Bernstein analyst Toni Sacconaghi also trimmed his target from $800 to $750 while cutting FY 2013 estimates from $50.57 to $49.41 per share while citing slower growth of 22%, down 5% from 2012. However, Citi then followed with a hold rating with $575 price target – citing rising iPhone and tablet competition from the likes of Google (NASDAQ: GOOG) and Microsoft (NASDAQ: MSFT). But they're wrong -- I'll explain later.
Up next was Abhey Lamba of Mizuho Securities's, while reiterating his buy rating on the stock, saw fit to also cut his price target by $150 from $750 to $600. I’m not sure I follow the logic. He said:
"We believe near-term headwinds from potential F2Q13 estimate cuts combined with lack of material upside to FY13 estimates will make it harder for the stock to revisit its all-time high of $700."
Cannibalization, Innovation & Other Myths
Clearly, the market has grown more pessimistic about Apple’s ability to grow earnings into 2013. This is despite strong Q4 sales figures during which revenues surged 27% year-over-year, while profits grew by 23%. Apple was able to do this while every analyst screamed “cannibalization” on the release of the iPhone 5 and iPad Mini.
Aside from what I believe has been an exaggerated market selloff due to “fiscal cliff” concerns, analysts have also rushed to revise estimates while distressing over margin compression. In other words, they don’t believe Apple will be able to sustain its growth momentum.
On the other hand, these analysts ignore the high demand for the iPad mini, which is priced (at least) $130 more than the closest rival device and yet Apple still can’t make enough of them. This doesn't support margin concerns. Likewise, consumers still love their iPhones as evident by the 27 million devices sold during the quarter – representing an annual unit growth of 58%.
Not to be outdone, iPads also performed well with unit growth reaching 26%, and this is likely to continue into Q1. In terms of “cannibalization” fears, where exactly is it going to from? What’s more, even if Apple does cannibalize itself, would that be so bad?
While it is true that one item might offset sales of the other -- in this case iPad mini vs. regular iPad -- but the consumer would still be buying an Apple product. In terms of unit growth, it might be an issue, but Apple still wins in market share. It is remarkable how this fact keeps getting overlooked by so many smart people.
Expectations for 2013
One would expect that Apple’s track record would dispel anxieties over margin compression and cannibalization – except it hasn’t and I’m not holding my breath expecting that it will.

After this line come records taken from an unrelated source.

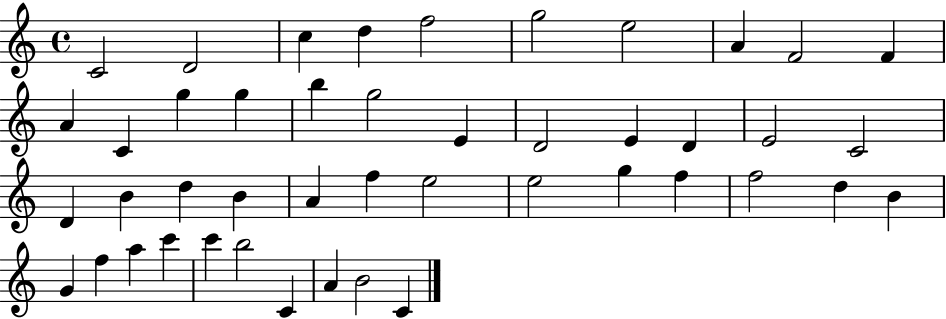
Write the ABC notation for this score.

X:1
T:Untitled
M:4/4
L:1/4
K:C
C2 D2 c d f2 g2 e2 A F2 F A C g g b g2 E D2 E D E2 C2 D B d B A f e2 e2 g f f2 d B G f a c' c' b2 C A B2 C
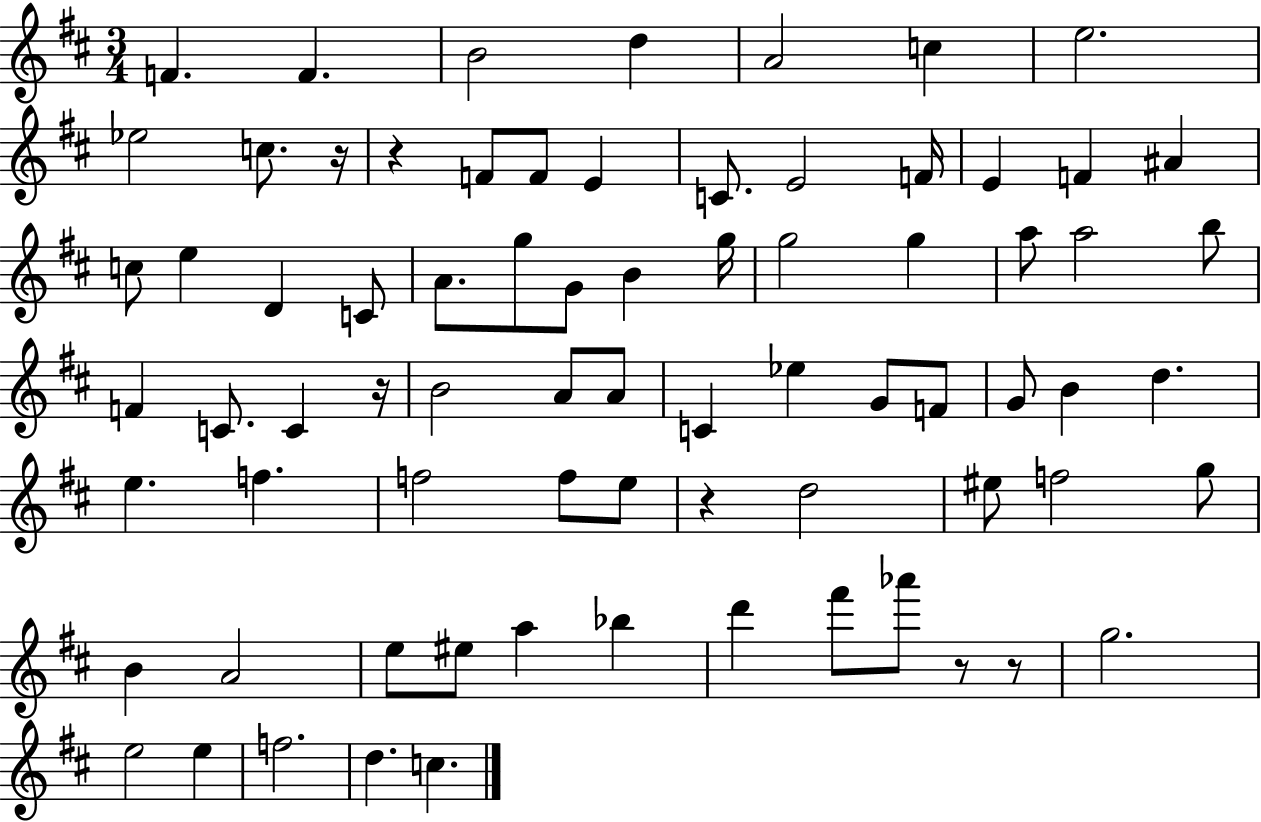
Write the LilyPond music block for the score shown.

{
  \clef treble
  \numericTimeSignature
  \time 3/4
  \key d \major
  \repeat volta 2 { f'4. f'4. | b'2 d''4 | a'2 c''4 | e''2. | \break ees''2 c''8. r16 | r4 f'8 f'8 e'4 | c'8. e'2 f'16 | e'4 f'4 ais'4 | \break c''8 e''4 d'4 c'8 | a'8. g''8 g'8 b'4 g''16 | g''2 g''4 | a''8 a''2 b''8 | \break f'4 c'8. c'4 r16 | b'2 a'8 a'8 | c'4 ees''4 g'8 f'8 | g'8 b'4 d''4. | \break e''4. f''4. | f''2 f''8 e''8 | r4 d''2 | eis''8 f''2 g''8 | \break b'4 a'2 | e''8 eis''8 a''4 bes''4 | d'''4 fis'''8 aes'''8 r8 r8 | g''2. | \break e''2 e''4 | f''2. | d''4. c''4. | } \bar "|."
}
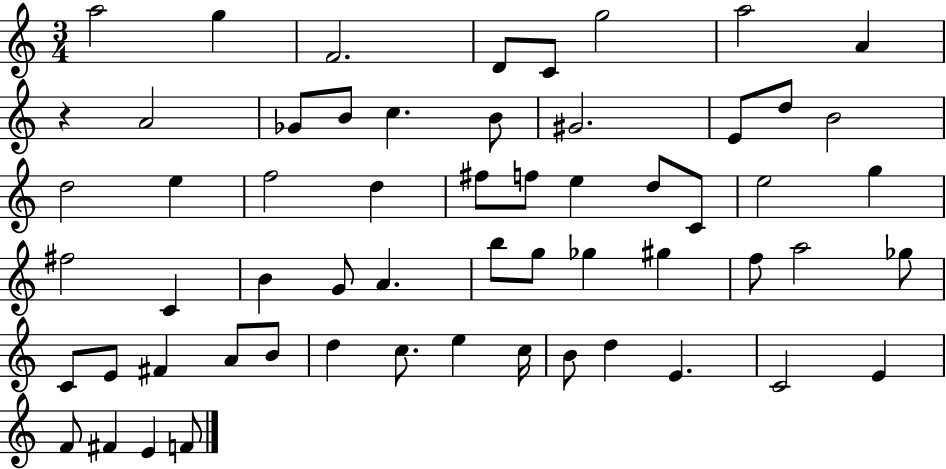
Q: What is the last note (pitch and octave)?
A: F4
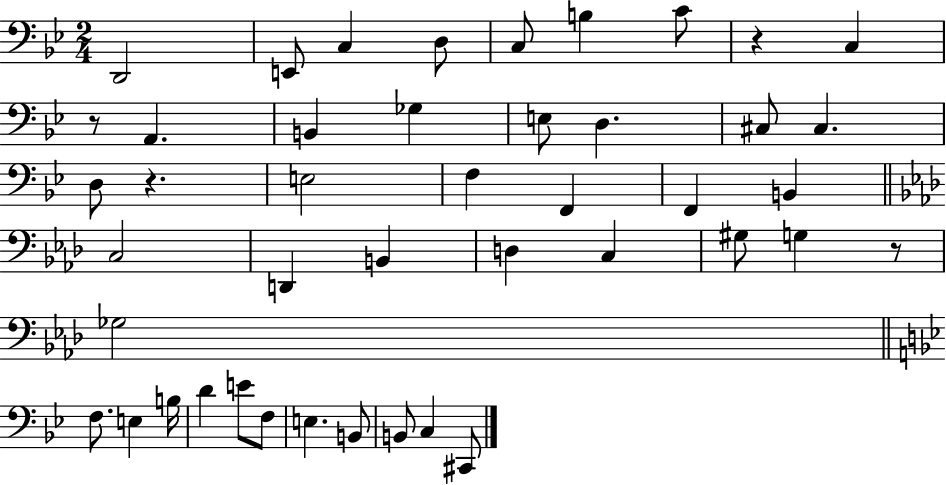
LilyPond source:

{
  \clef bass
  \numericTimeSignature
  \time 2/4
  \key bes \major
  \repeat volta 2 { d,2 | e,8 c4 d8 | c8 b4 c'8 | r4 c4 | \break r8 a,4. | b,4 ges4 | e8 d4. | cis8 cis4. | \break d8 r4. | e2 | f4 f,4 | f,4 b,4 | \break \bar "||" \break \key aes \major c2 | d,4 b,4 | d4 c4 | gis8 g4 r8 | \break ges2 | \bar "||" \break \key g \minor f8. e4 b16 | d'4 e'8 f8 | e4. b,8 | b,8 c4 cis,8 | \break } \bar "|."
}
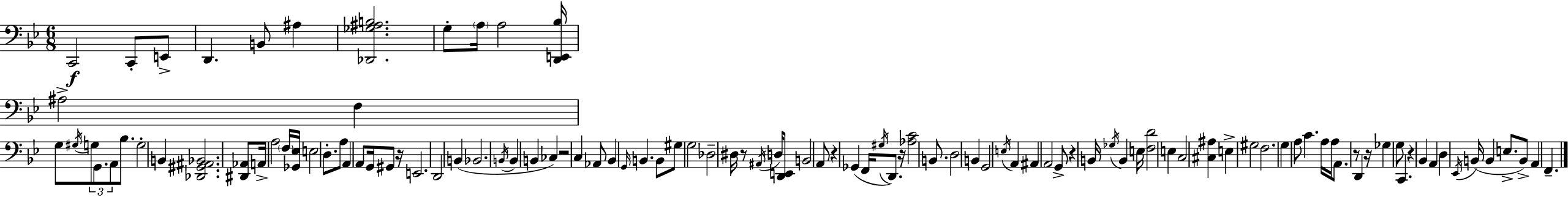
{
  \clef bass
  \numericTimeSignature
  \time 6/8
  \key g \minor
  c,2\f c,8-. e,8-> | d,4. b,8 ais4 | <des, ges ais b>2. | g8-. \parenthesize a16 a2 <d, e, bes>16 | \break ais2-> f4 | g8 \acciaccatura { gis16 } \tuplet 3/2 { g8 g,8. a,8 } bes8. | g2-. b,4 | <des, gis, ais, bes,>2. | \break <dis, aes,>8 a,16-> a2 | \parenthesize f16 <ges, ees>16 e2 d8.-. | a8 a,4 a,8 g,16 gis,8 | r16 e,2. | \break d,2 b,4( | bes,2. | \acciaccatura { b,16 } b,4 b,4 ces4) | r2 c4 | \break aes,8 bes,4 \grace { g,16 } b,4. | b,8 gis8 g2 | des2-- dis16 | r8 \acciaccatura { ais,16 } d16 <d, e,>8 b,2 | \break a,8 r4 ges,4( | f,16 \acciaccatura { gis16 } d,8.) r16 <aes c'>2 | b,8. d2 | b,4 g,2 | \break \acciaccatura { e16 } a,4 ais,4 a,2 | g,8-> r4 | b,16 \acciaccatura { ges16 } b,4 e16 <f d'>2 | e4 c2 | \break <cis ais>4 e4-> gis2 | f2. | g4 a8 | c'4. a16 a16 a,8. | \break r8 d,4 r16 ges4 g8 | c,4. r4 bes,4 | a,4 d4 \acciaccatura { ees,16 } | b,16( b,4 e8.-> b,8->) a,4 | \break f,4.-- \bar "|."
}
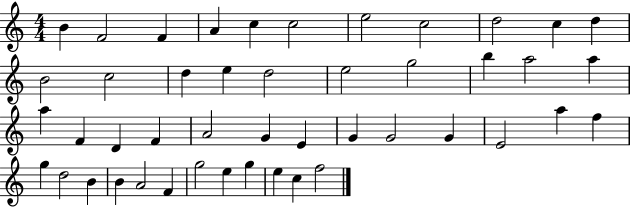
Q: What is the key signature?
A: C major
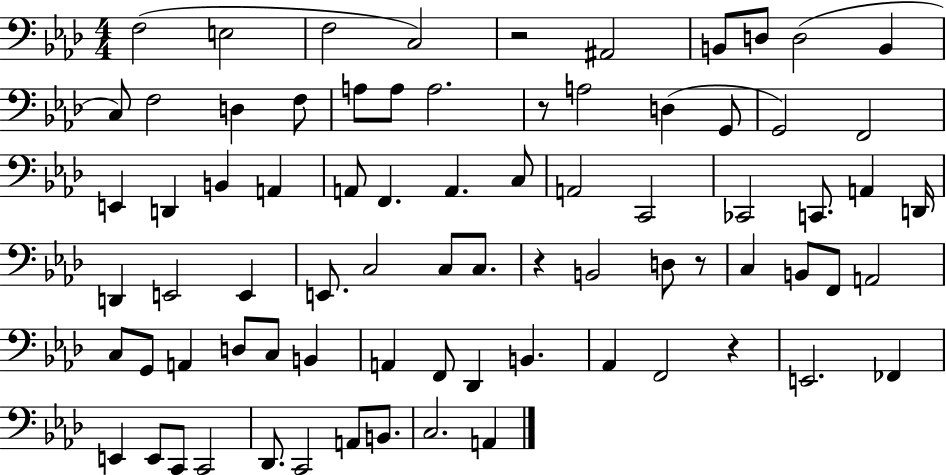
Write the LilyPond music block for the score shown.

{
  \clef bass
  \numericTimeSignature
  \time 4/4
  \key aes \major
  f2( e2 | f2 c2) | r2 ais,2 | b,8 d8 d2( b,4 | \break c8) f2 d4 f8 | a8 a8 a2. | r8 a2 d4( g,8 | g,2) f,2 | \break e,4 d,4 b,4 a,4 | a,8 f,4. a,4. c8 | a,2 c,2 | ces,2 c,8. a,4 d,16 | \break d,4 e,2 e,4 | e,8. c2 c8 c8. | r4 b,2 d8 r8 | c4 b,8 f,8 a,2 | \break c8 g,8 a,4 d8 c8 b,4 | a,4 f,8 des,4 b,4. | aes,4 f,2 r4 | e,2. fes,4 | \break e,4 e,8 c,8 c,2 | des,8. c,2 a,8 b,8. | c2. a,4 | \bar "|."
}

Despite Apple’s strong sales figures, it also hasn’t stopped the bears from proclaiming Apple’s sudden inability to innovate.
Another popular notion was that the company was beginning to lose its edge to Google – except it’s not true. Apple continues to dominate Google in U.S. smartphone sales – reaching 53.3% market share. This is according to a report released on Friday by Kantar Worldpanel ComTech, which tracks sales data for the 12 weeks ended Nov. 25.
Not only is this Apple’s highest share gain ever, but this is the first time the company has ever exceeded 50%. So how can all the other analysts claim one trend when revenue data continue to tell a different story? It doesn’t make sense.
And when it is not fear over Google, some contend that Microsoft’s Windows 8 and Surface tablet has taken a meaningful bite out of Apple. But that’s false. Both Surface and Windows 8 have underperformed since their respective launches. Consumers and enterprises have not adopted them as quickly as Microsoft had hoped. Also, this quarter’s PC sales are projected to be much lower than expected, causing analysts to revise Microsoft’s estimates. How can Microsoft still be considered a legitimate threat and still cut its outlook?
For that matter neither is Research In Motion (NASDAQ: BBRY). Although RIM is starting to gain some traction with BB10 and having sold 7 million BlackBerry phones in its most recent quarter, I don’t think anyone believes it is sustainable – particularly with the company’s recent concerns over services revenue, which is under change. Nonetheless, some analysts prefer to focus on Apple’s lowered guidance.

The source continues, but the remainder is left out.